╭─ MATERIALS PROVIDED
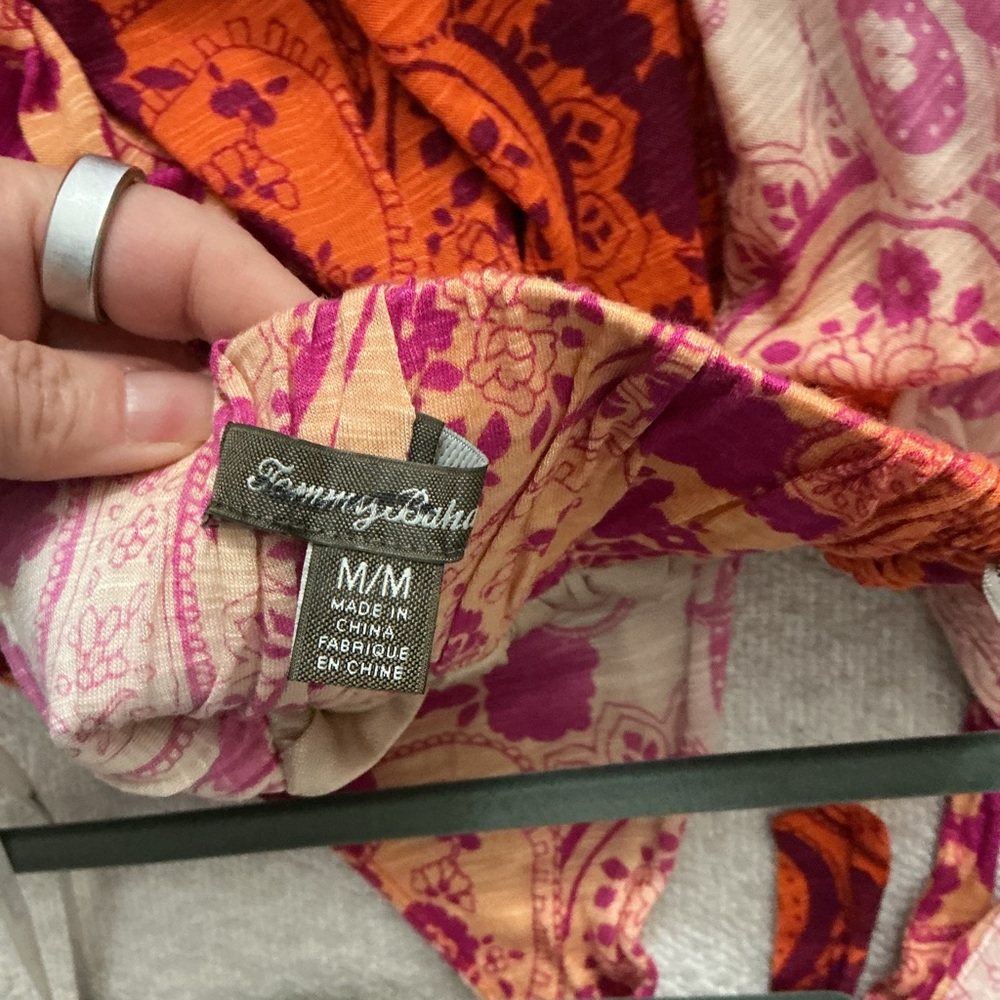 Tommy Bahama Orange and Pink Paisley Maxi Dress - Picture 3 of 4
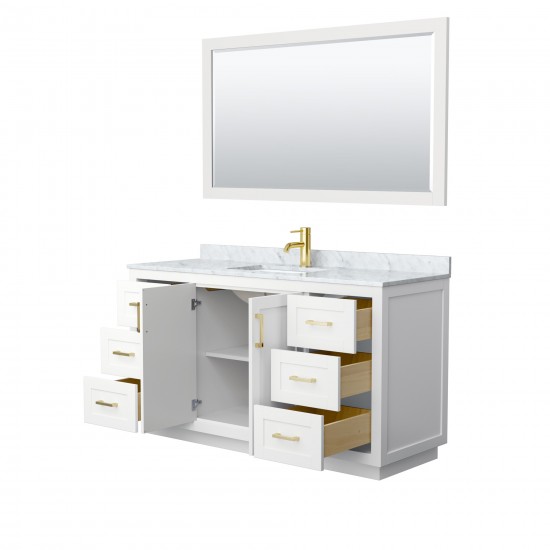 60 Inch Single Bathroom Vanity in White, White Carrara Marble Countertop, Sink, Gold Trim, 58 Inch Mirror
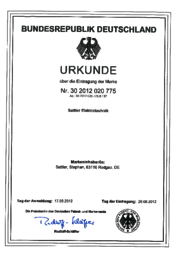 Urkunde über die Eintragung der Marke Sattler Elektrotechnik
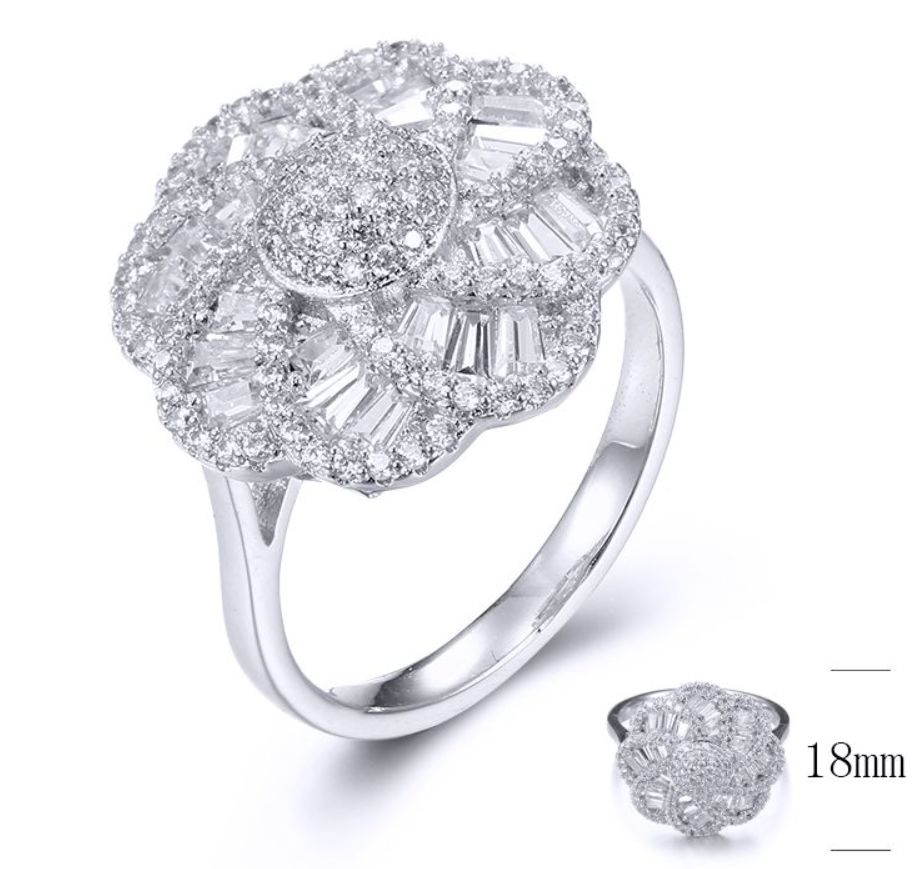 SJ33433, Ladies' Moissanite Ring, S925, Rhodium Plated, White, 4.25g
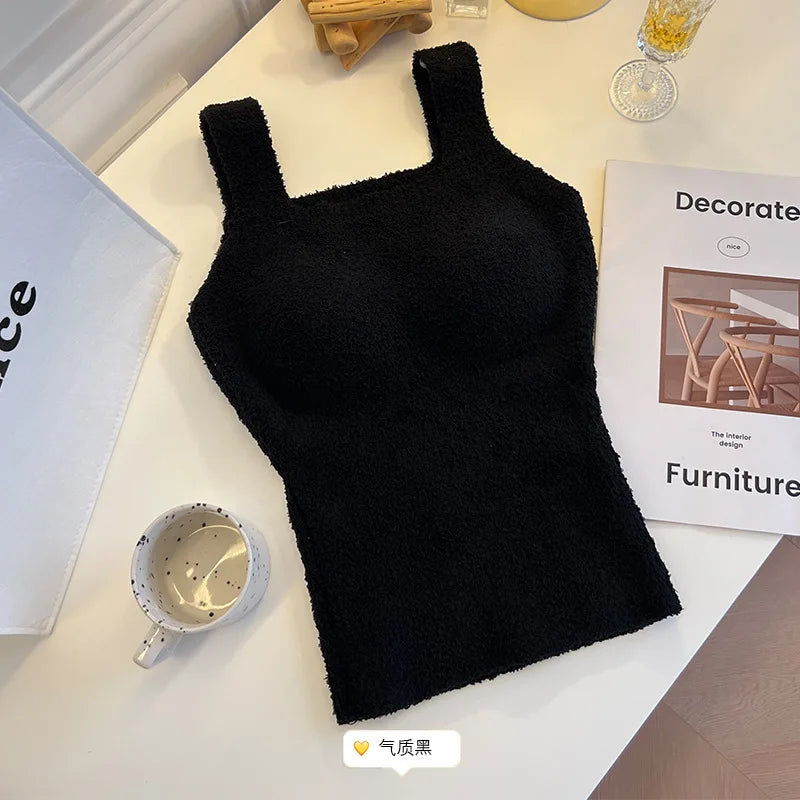 Women's Clothing Autumn winter Camis Tanks lamb wool warm vest women  breast pads long thick velvet vest bottom shirt Tees Tops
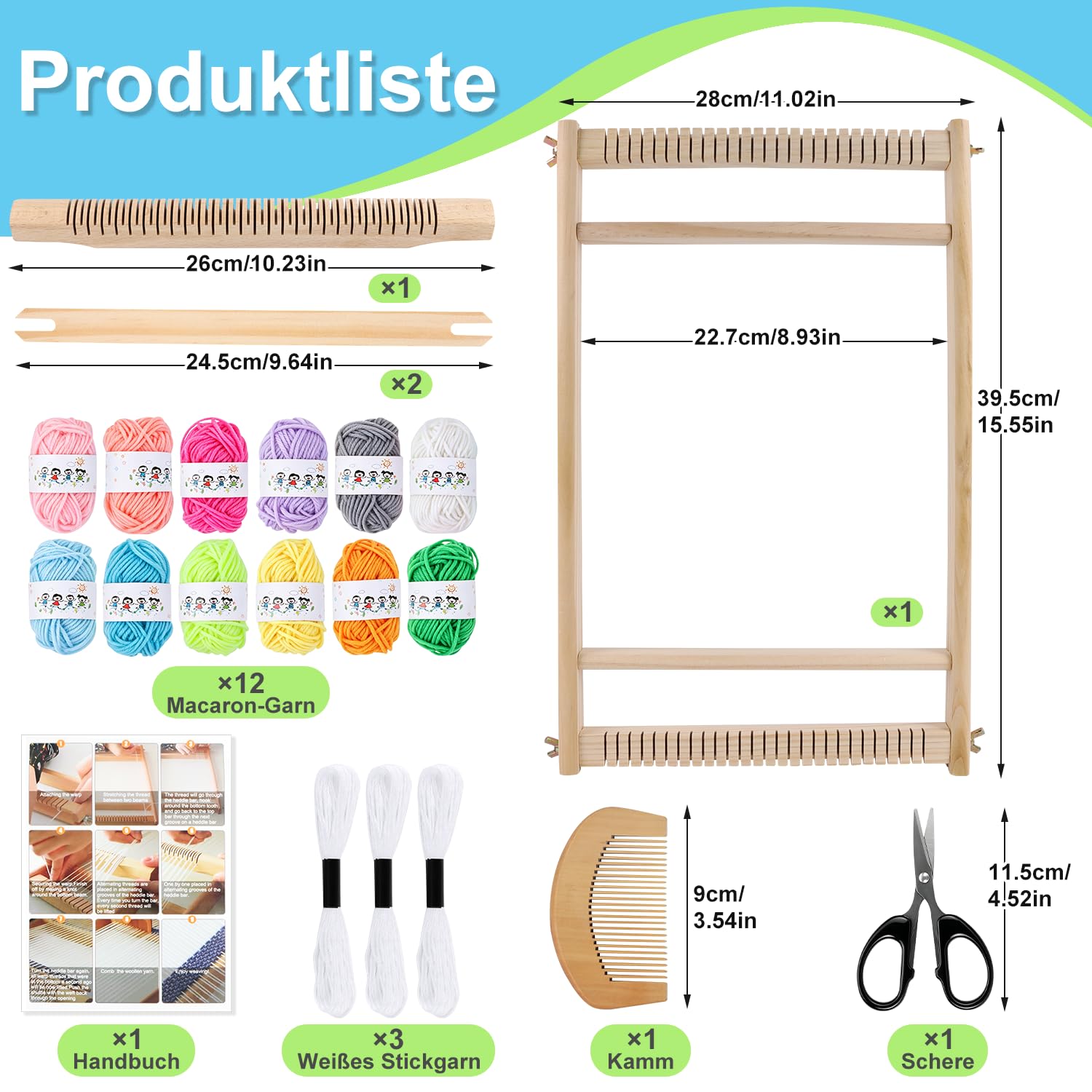 BSTDAYEVER Telaio per Tessitura in Legno Telaio per Bambini Telaioi per Tessitura a Cornice 28x38cm Craft Telaioi per Tessiture Quadrato Contiene 12 Colori di Filato per Principianti e Bambini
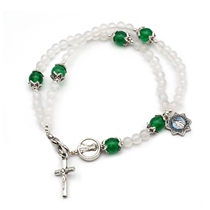 tzj white agate rosary bracelet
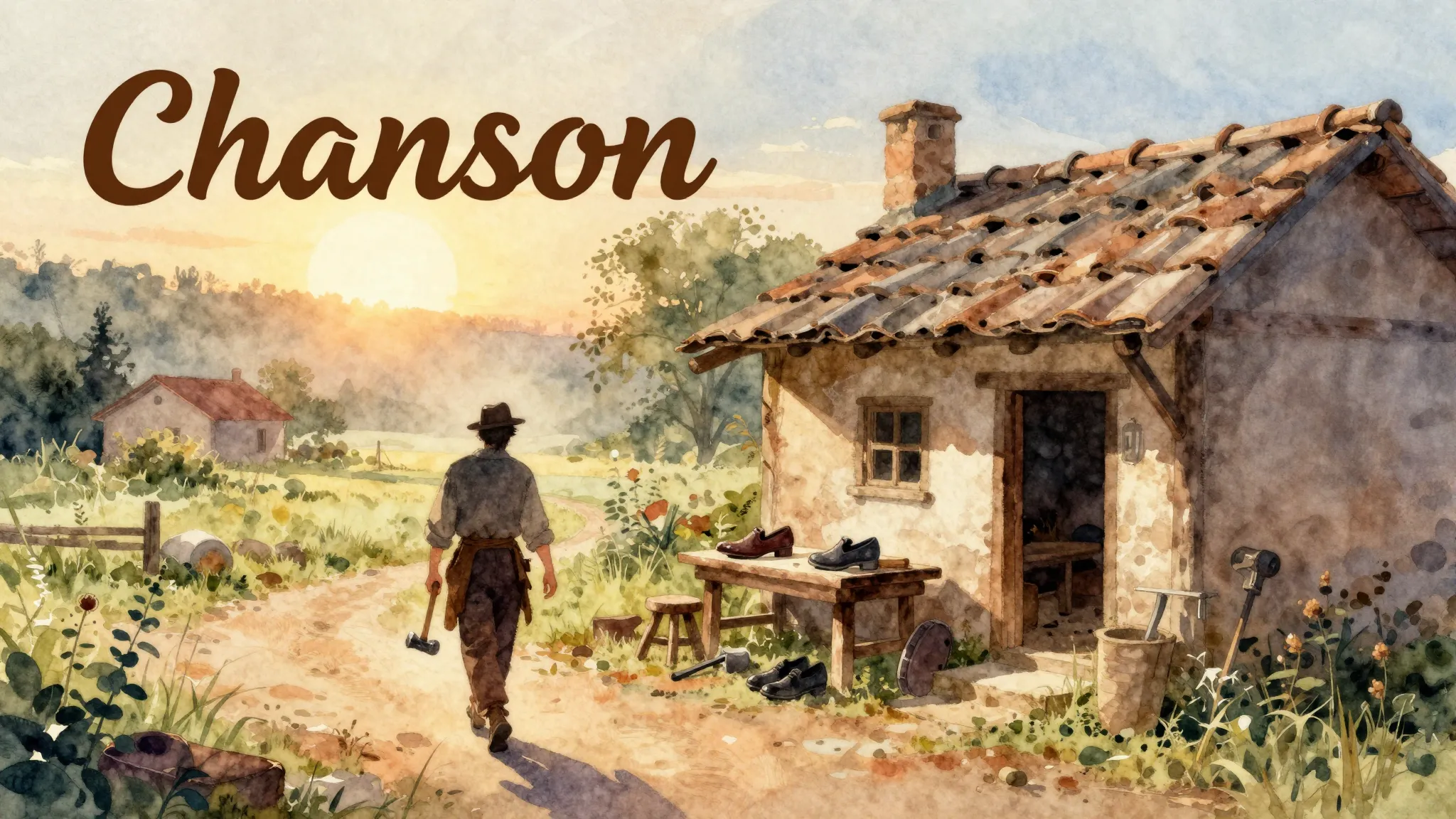 Vibrant watercolor style. Vintage-style album cover for a Ch...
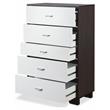Bowery Hill Wooden Rectangular Chest with 5 Drawers in White and Espresso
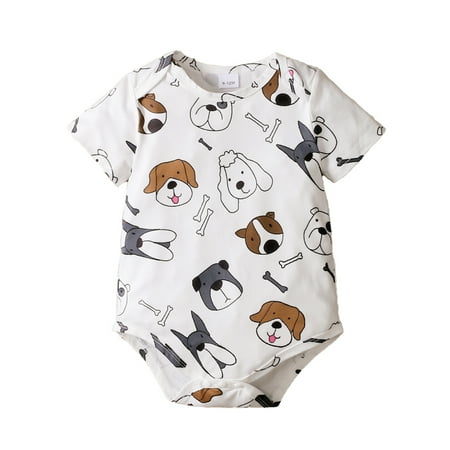 

Kucnuzki Infant Baby Boy Clothes 6 Months Summer Bodysuit 9 Months Short Sleeve Carton Puppy Prints Cozy Romper Bodysuit White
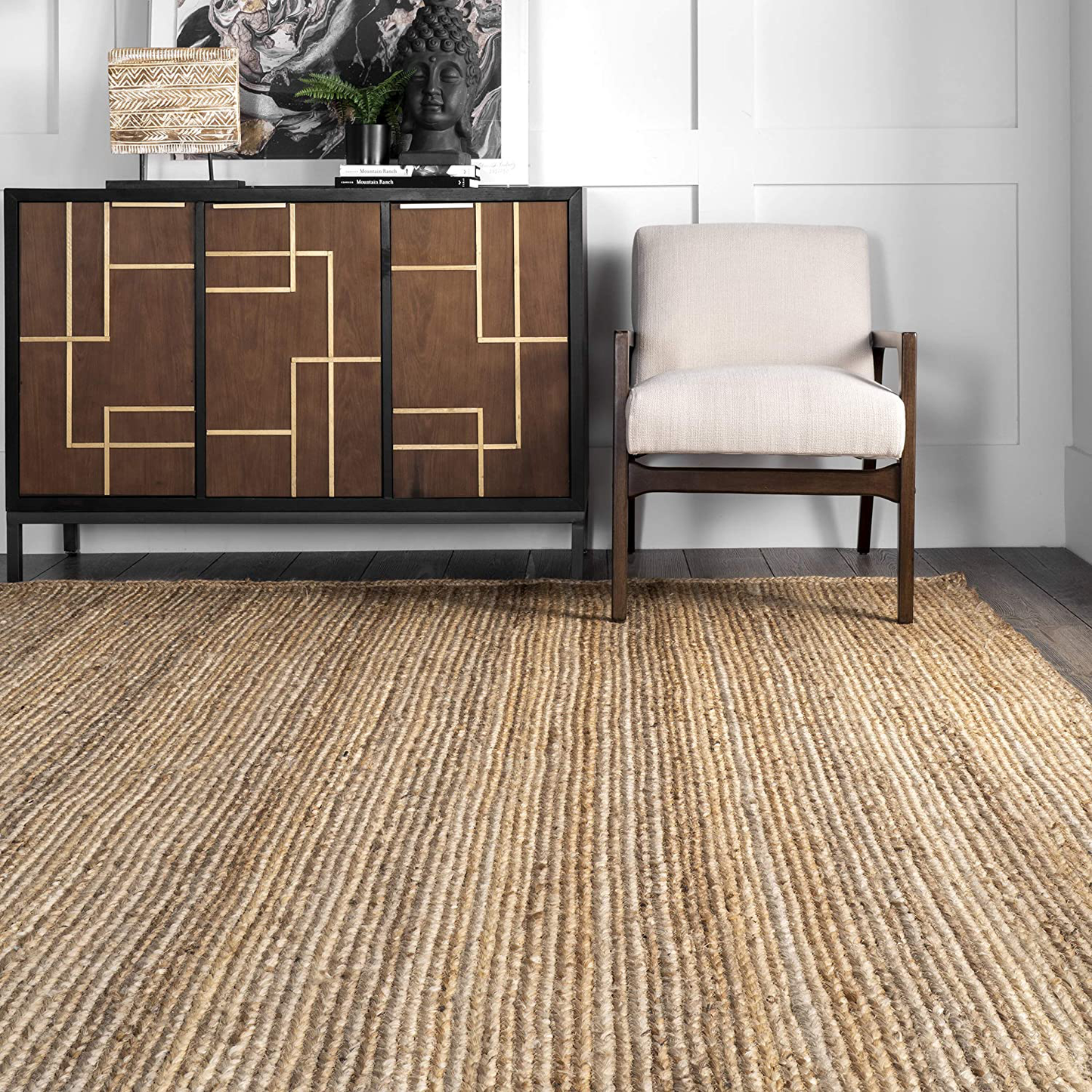 Rynx | Nuloom Rigo Handwoven Rustic Jute Runner Rug, 2' 6" X 6', Natural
╰─
= DESCRIPTION OF THE TASK =
Word for word, copy the lines from the one with "Women's Clothing Autumn" through the end of the entries above, and do not include any picture.

= ANSWER TO THIS EXERCISE =
 Women's Clothing Autumn winter Camis Tanks lamb wool warm vest women  breast pads long thick velvet vest bottom shirt Tees Tops
 BSTDAYEVER Telaio per Tessitura in Legno Telaio per Bambini Telaioi per Tessitura a Cornice 28x38cm Craft Telaioi per Tessiture Quadrato Contiene 12 Colori di Filato per Principianti e Bambini
 tzj white agate rosary bracelet
 Vibrant watercolor style. Vintage-style album cover for a Ch...
Bowery Hill Wooden Rectangular Chest with 5 Drawers in White and Espresso

Kucnuzki Infant Baby Boy Clothes 6 Months Summer Bodysuit 9 Months Short Sleeve Carton Puppy Prints Cozy Romper Bodysuit White
 Rynx | Nuloom Rigo Handwoven Rustic Jute Runner Rug, 2' 6" X 6', Natural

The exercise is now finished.